Как-то утром я играл в саду — мастерил себе лук из лозины — и вдруг услышал грохот: это сворачивали громадную железную штору, на которую я никогда не обращал внимания. Но вот открылось черное нутро дома, и я увидел мужчину в плаще и берете и женщину с вязаньем в руках. И услышал такой диалог. «Убийца мог проникнуть в дом через окно». Женщина: «Окно закрыто». Мужчина: «Сержант Джонатан обнаружил следы взлома». Потом он обернулся ко мне и спросил: «На этом дереве есть инжир?» «Нне знаю»,— ответил я. Мужчина и женщина репетировали «Гран гиньоль» — спектакль ставила труппа Беллы Стараче Саинати. Я ухватился за протянутые мне руки и попал в какое-то темное помещение.
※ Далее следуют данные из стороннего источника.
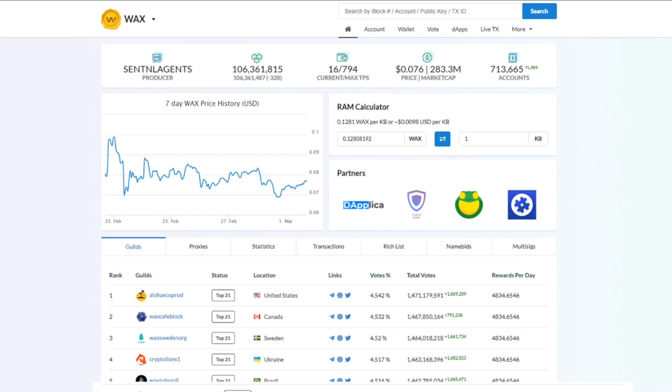In this video, I'm going to show you how to add RAM to your WAX account. For those that don't know, the WAX blockchain does not have gas fees like Ethereum, but it does have RAM fees.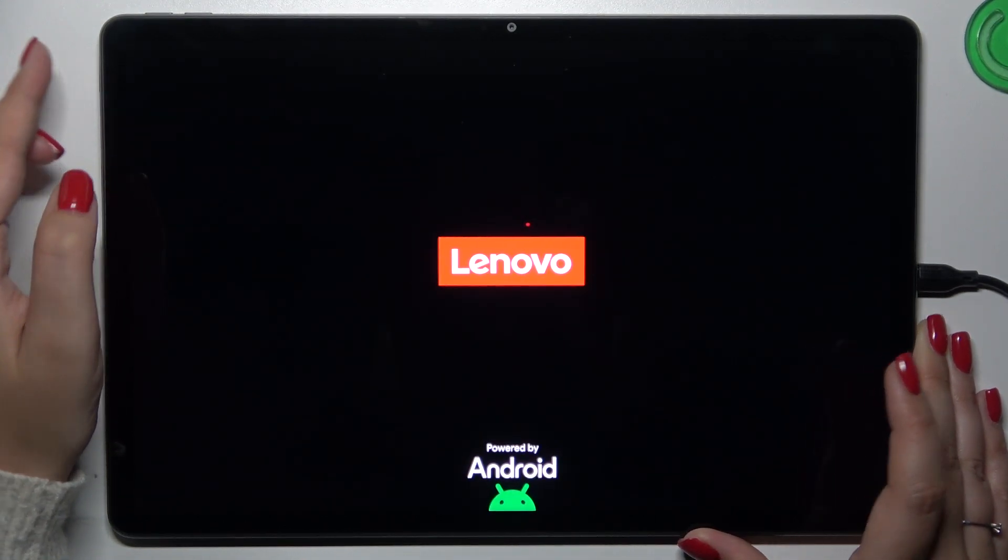Okay, we've shut it down, which is good, so now we can freely turn it on just by pressing the power button for a longer time.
Там были позолоченные ложи, а прямо перед собой я увидел пузатое туловище паровоза, подвешенного на канатах и мерцавшего в лучах прожекторов с красными, белыми и желтыми фильтрами. Это был театр.

Потом мужчина снова завел разговор об окне. Я не понимал, игра это такая или еще что. По-видимому, прошло много времени. Вдруг я услышал голос матери, звавшей меня обедать: «Суп уже на столе!» «Ваш мальчик здесь»,— сказал мужчина в берете и помог мне перебраться обратно в сад. Через два дня родители повели меня на спектакль. Мама рассказывает, что во время представления я ни разу не шелохнулся. Из темной глубины, из ночи, надвигался паровоз, а на рельсах лежала связанная женщина. Но в последний момент женщину успевали спасти, и сразу же опускался огромный, тяжелый, мягкий красный занавес.

Всю ночь я не мог успокоиться. Ведь в антрактах мне надо было еще рассмотреть кулисы, кресла, бархат, латунные украшения, коридоры, таинственные переходы, по которым я шнырял, словно мышь.

В этом доме, находившемся неподалеку от вокзала, у меня появились и первые друзья.

А вот дом по улице Клементини, 9, стал домом моей первой любви. Его владелец—«Агостино Дольни и бр. Скобяные изделия» — был отцом Луиджино, моего товарища по гимназии, который играл в «Илиаде» Гектора («Илиаду» мы ставили сами).

Напротив нас жила семья южан по фамилии Сориани, и было там три девочки — Эльза, Бьянкина и Нэлла. Бьянкина была смуглянка, я мог наблюдать за ней из окна своей спальни. Впервые я увидел ее через оконное стекло, а может,— не помню уж точно,— когда она вышла в форме «маленьких итальянок». Груди у нее были налитые, как у взрослой женщины. Сама Бьянкина — она живет в Милане — теперь отрицает, что мы с ней в детстве убегали в Болонью, как я кому-то рассказывал (неужели действительно рассказывал?), в лучшем случае, допускает она, я увозил ее на раме своего велосипеда за городские ворота — Ворота Августа.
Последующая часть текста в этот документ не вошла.